To accompany Solid Light Works, renowned composer and musician David Grubbs will curate a program of Four Simultaneous Soloists to be held on January 19, February 2, February 16 and March 2. Set against the backdrop of McCalls solid light works, the four musicians in each performance are paired with a work in the blacked out Main Hall. Visitors must actively bring each of the performers solo sounds into focus as an ensemble by approaching them through a succession of aural vantage points. Each performance project engages McCalls work as a preexisting entity imprinted upon the musicians selected for their extensive experience as improvisers, including Che Chen, Susal Alcorn, Chris McIntyre, MV Carbon and Yoshi Wada.

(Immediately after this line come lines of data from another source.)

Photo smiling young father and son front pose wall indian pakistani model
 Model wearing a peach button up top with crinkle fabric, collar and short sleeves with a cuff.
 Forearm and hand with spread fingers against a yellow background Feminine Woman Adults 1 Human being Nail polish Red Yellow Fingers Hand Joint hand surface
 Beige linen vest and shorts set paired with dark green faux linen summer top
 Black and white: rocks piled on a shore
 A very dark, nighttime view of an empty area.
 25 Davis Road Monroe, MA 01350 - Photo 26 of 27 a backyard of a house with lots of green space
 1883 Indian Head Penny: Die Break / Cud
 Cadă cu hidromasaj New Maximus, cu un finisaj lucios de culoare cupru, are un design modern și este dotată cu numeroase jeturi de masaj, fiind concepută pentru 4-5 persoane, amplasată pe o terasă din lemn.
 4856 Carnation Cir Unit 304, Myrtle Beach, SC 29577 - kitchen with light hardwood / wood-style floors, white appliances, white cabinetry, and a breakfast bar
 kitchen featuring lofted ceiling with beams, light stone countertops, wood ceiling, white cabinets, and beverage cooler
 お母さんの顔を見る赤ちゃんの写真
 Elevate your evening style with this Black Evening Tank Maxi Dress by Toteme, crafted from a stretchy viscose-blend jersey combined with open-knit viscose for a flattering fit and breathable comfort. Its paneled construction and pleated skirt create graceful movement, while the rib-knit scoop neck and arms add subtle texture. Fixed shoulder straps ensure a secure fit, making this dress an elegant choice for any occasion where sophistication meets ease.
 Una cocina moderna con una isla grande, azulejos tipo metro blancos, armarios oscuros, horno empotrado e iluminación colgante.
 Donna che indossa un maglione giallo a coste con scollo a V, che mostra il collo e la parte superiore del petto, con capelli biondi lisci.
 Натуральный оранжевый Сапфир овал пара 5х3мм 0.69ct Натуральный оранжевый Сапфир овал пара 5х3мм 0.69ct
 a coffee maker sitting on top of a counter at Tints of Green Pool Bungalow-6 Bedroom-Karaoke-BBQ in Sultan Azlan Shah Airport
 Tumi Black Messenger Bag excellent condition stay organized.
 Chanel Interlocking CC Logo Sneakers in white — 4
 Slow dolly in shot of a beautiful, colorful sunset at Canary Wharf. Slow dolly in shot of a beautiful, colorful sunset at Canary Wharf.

The historical importance of McCalls work has been recognized in such exhibitions as Into the Light: the Projected Image in American Art 1964-77, Whitney Museum of American Art (2001-2); The Expanded Screen: Actions and Installations of the Sixties and Seventies, Museum Moderner Kunst, Vienna (2003-4); The Expanded Eye, Kunsthaus Zurich (2006); Beyond Cinema: the Art of Projection, Hamburger Bahnhof, Berlin (2006-7); The Cinema Effect: Illusion, Reality and the Projected Image, and Hirshhorn Museum, Washington DC (2008); and Dreamlands, Whitney Museum of American Art (2017).
His work has also been shown at the Centre Pompidou, Paris; MoMA New York; SFMoMA; Hamburger Bahnhof, Berlin; Serpentine Gallery, London; Tate Modern, London; EYE Film Museum, Amsterdam; Moderna Museet, Stockholm; Hangar Bicocca, Milan; Lugano Arte e Cultura; Fundacio Gaspar, Barcelona, amongst others.
Anthony McCall lives and works in New York.